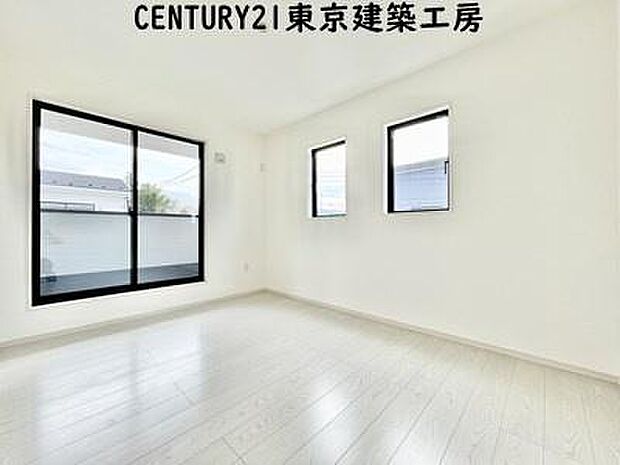 【施工例写真】シンプルで清潔感のある洋室に仕上がっています。シンプルな洋室だからこそ、飽きることなく長く快適に過ごしていくことができるでしょう。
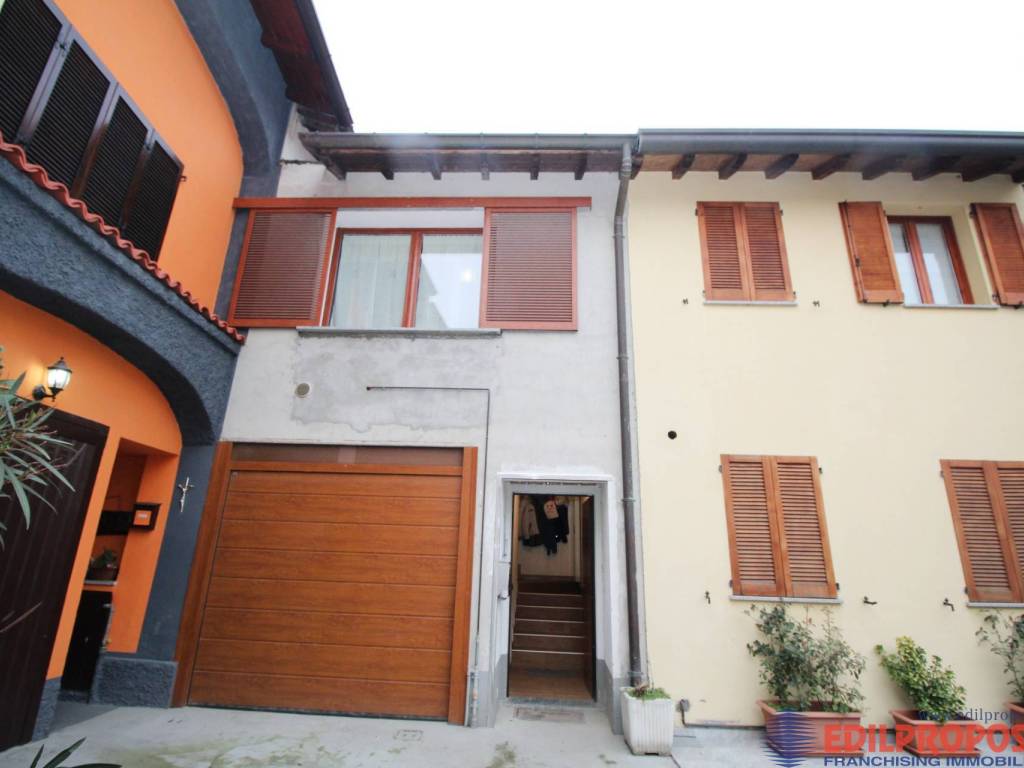 appartamento in vendita a Bregnano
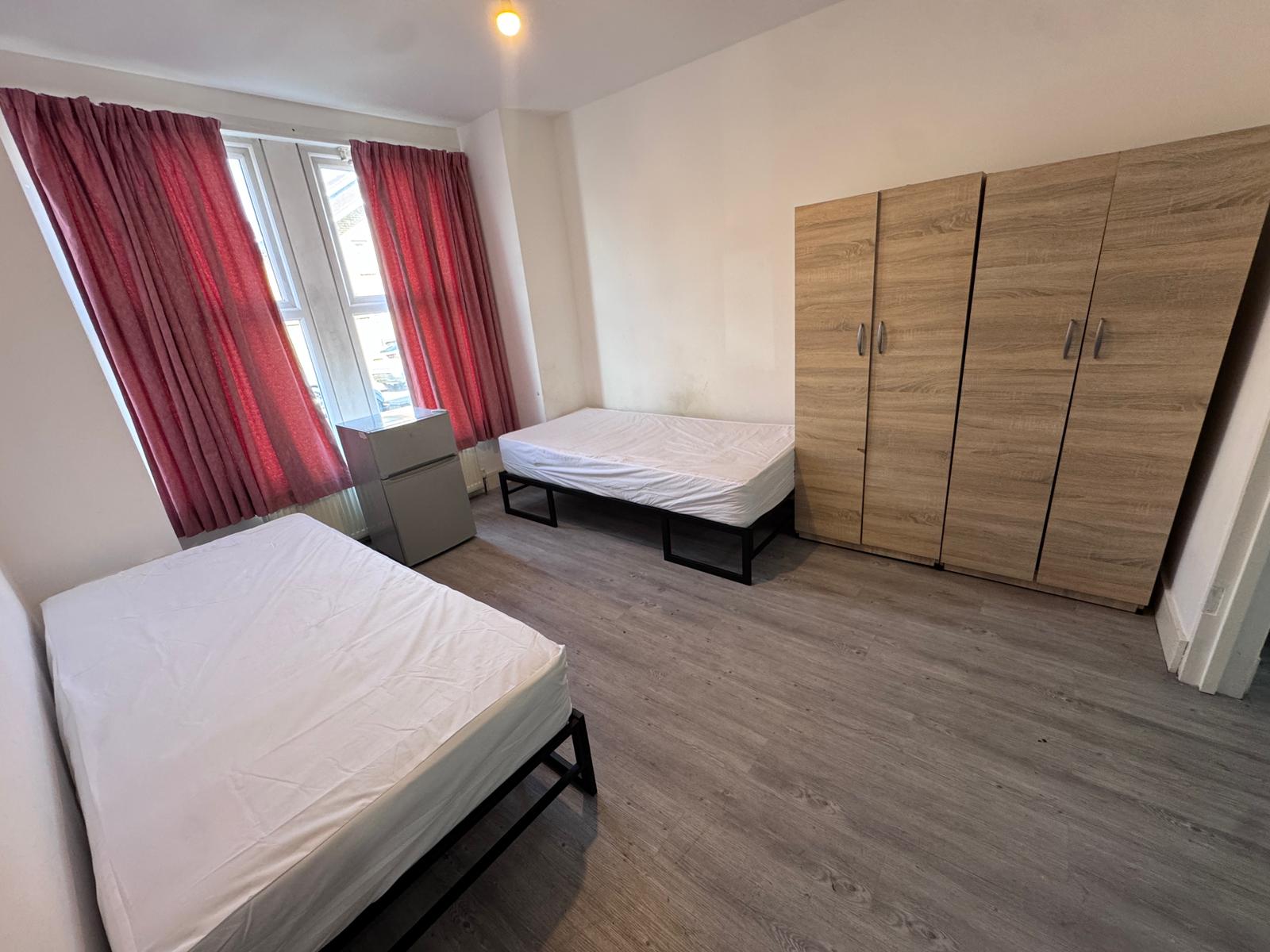 Double rooms in TOTTENHAM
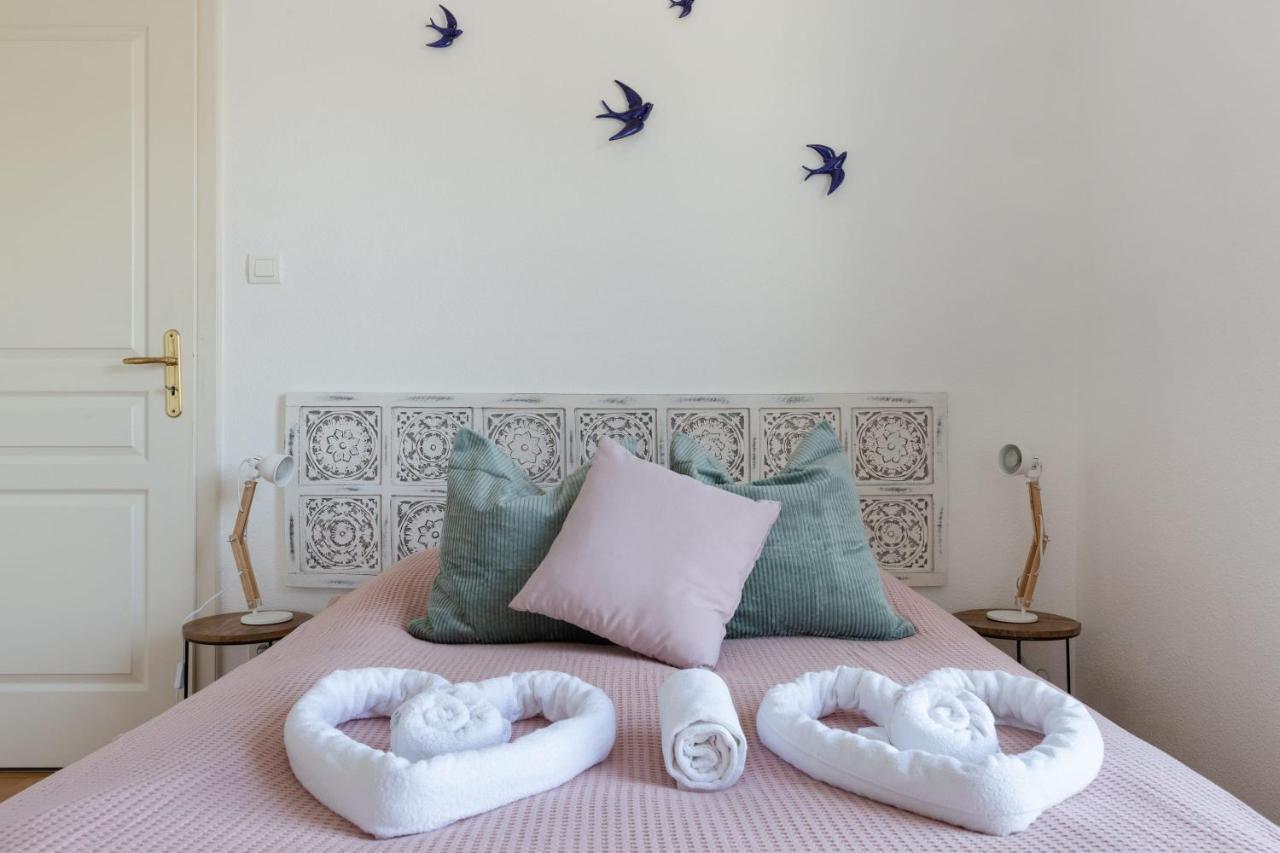 Travel Homes - The Nils, Cosy & Cute With Parking Apartment
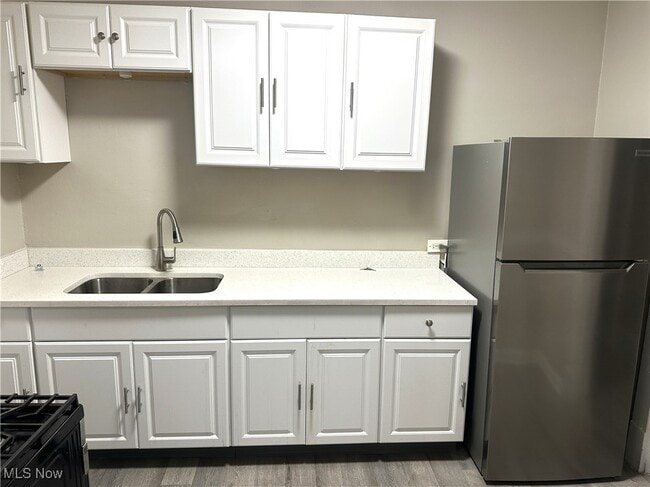 Building Photo - 3074 W 25th St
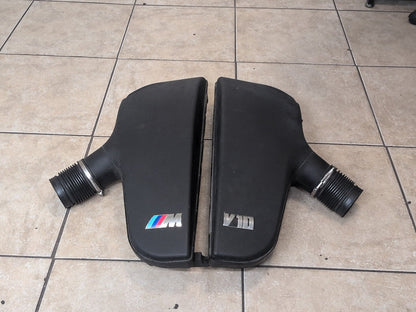 2004-2010 BMW E64 M6 S85B50A Engine Air Filter Box Assembly 7834458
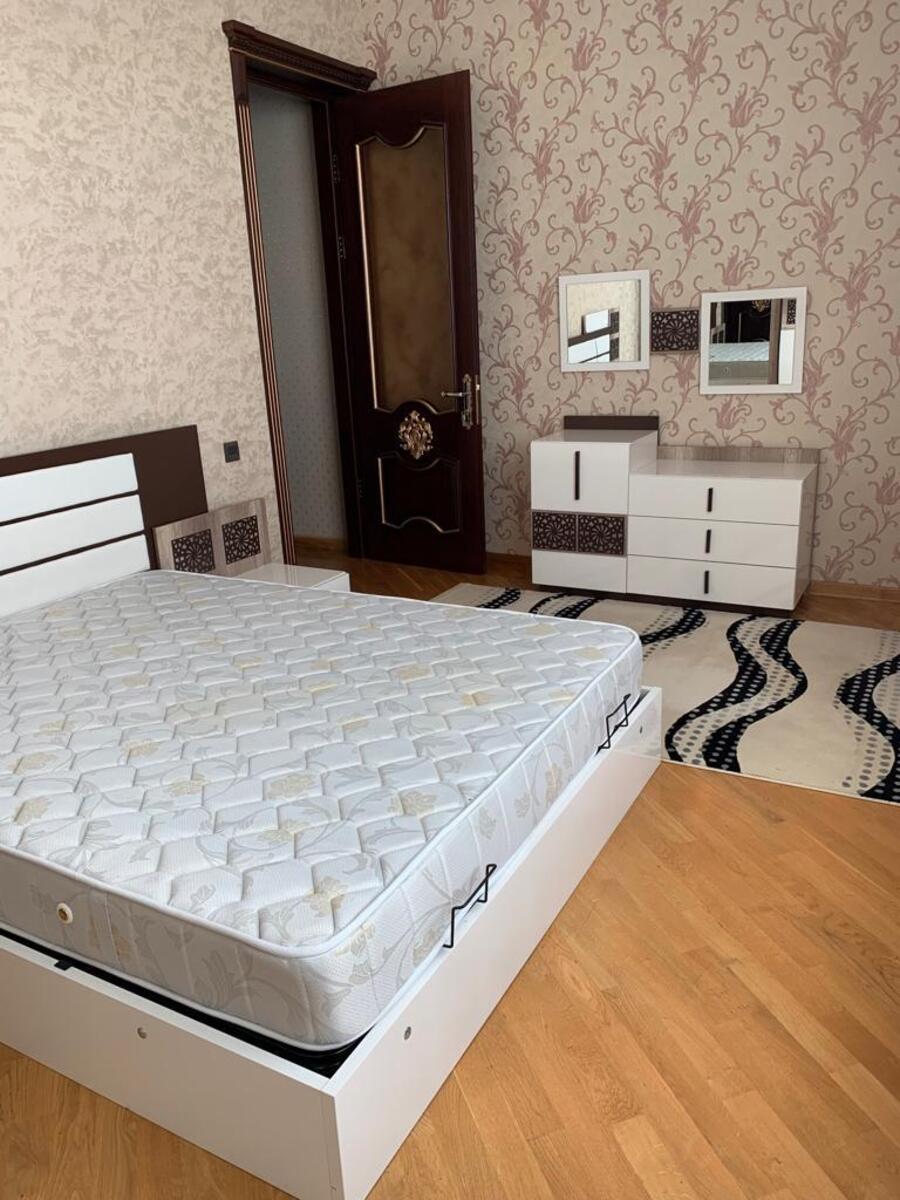 İcarəyə verilir 8 otaqlı həyət evi/bağ evi 400 m² — Ev, villa, Bakı (12)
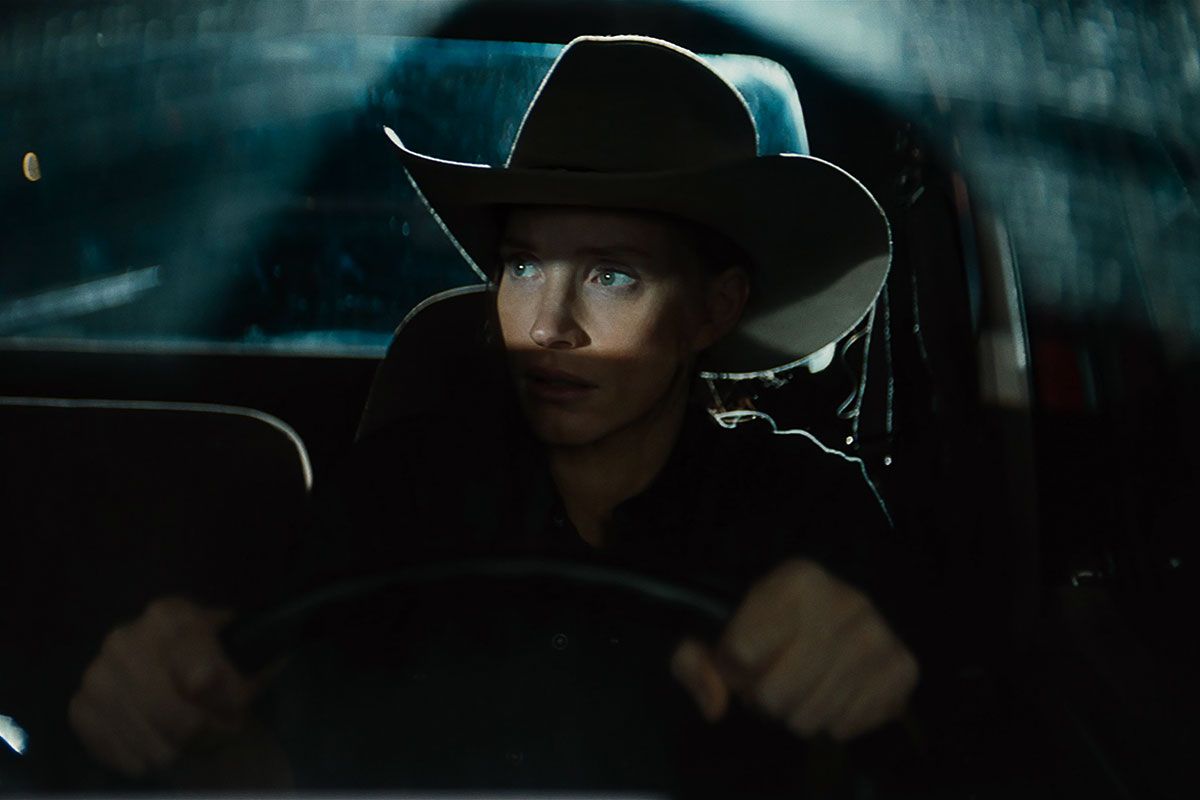 Featured image Chastain and Hedlund in Heartland Photos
•••••
**REQUIRED WORK**: Pictures are not part of the copy. Extract exactly the lines from the line containing "2004-2010 BMW E64" through the final line of the entries above, both included.

**EXERCISE SOLUTION**:
 2004-2010 BMW E64 M6 S85B50A Engine Air Filter Box Assembly 7834458
 İcarəyə verilir 8 otaqlı həyət evi/bağ evi 400 m² — Ev, villa, Bakı (12)
 Featured image Chastain and Hedlund in Heartland Photos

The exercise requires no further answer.